[[ Dataset entries, beginning ]]

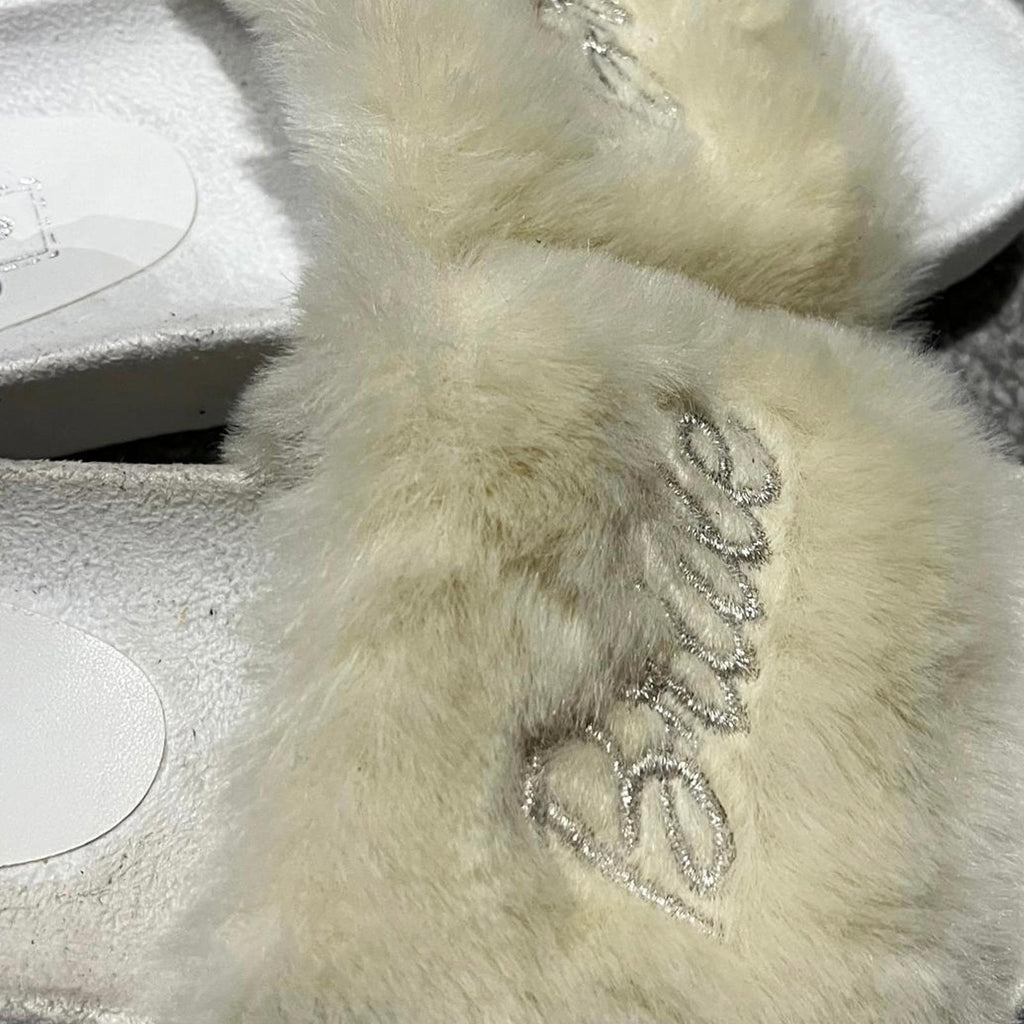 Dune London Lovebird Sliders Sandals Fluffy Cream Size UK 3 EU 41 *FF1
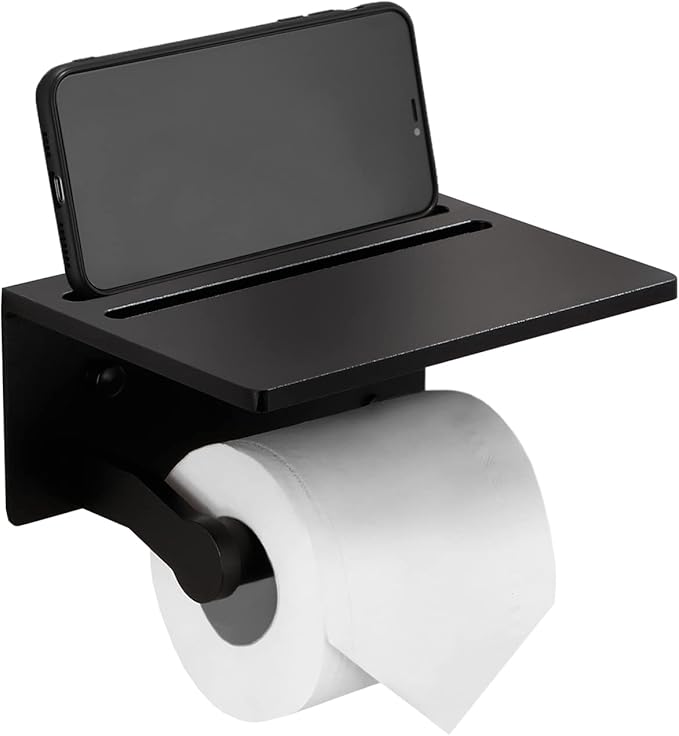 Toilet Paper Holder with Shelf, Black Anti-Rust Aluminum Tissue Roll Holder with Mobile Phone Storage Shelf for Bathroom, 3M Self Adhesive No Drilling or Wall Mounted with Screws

[[ Dataset entries, end ]]
[[ Dataset entries, beginning ]]

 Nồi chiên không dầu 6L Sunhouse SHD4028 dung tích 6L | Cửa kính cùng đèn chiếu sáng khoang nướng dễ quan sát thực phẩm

[[ Dataset entries, end ]]

§ Work to be completed: Would you copy out, exactly and with no pictures, only the lines above from the one that contains "Dune London Lovebird" through the one that contains "Toilet Paper Holder"?

§ Solution for this task:
 Dune London Lovebird Sliders Sandals Fluffy Cream Size UK 3 EU 41 *FF1
 Toilet Paper Holder with Shelf, Black Anti-Rust Aluminum Tissue Roll Holder with Mobile Phone Storage Shelf for Bathroom, 3M Self Adhesive No Drilling or Wall Mounted with Screws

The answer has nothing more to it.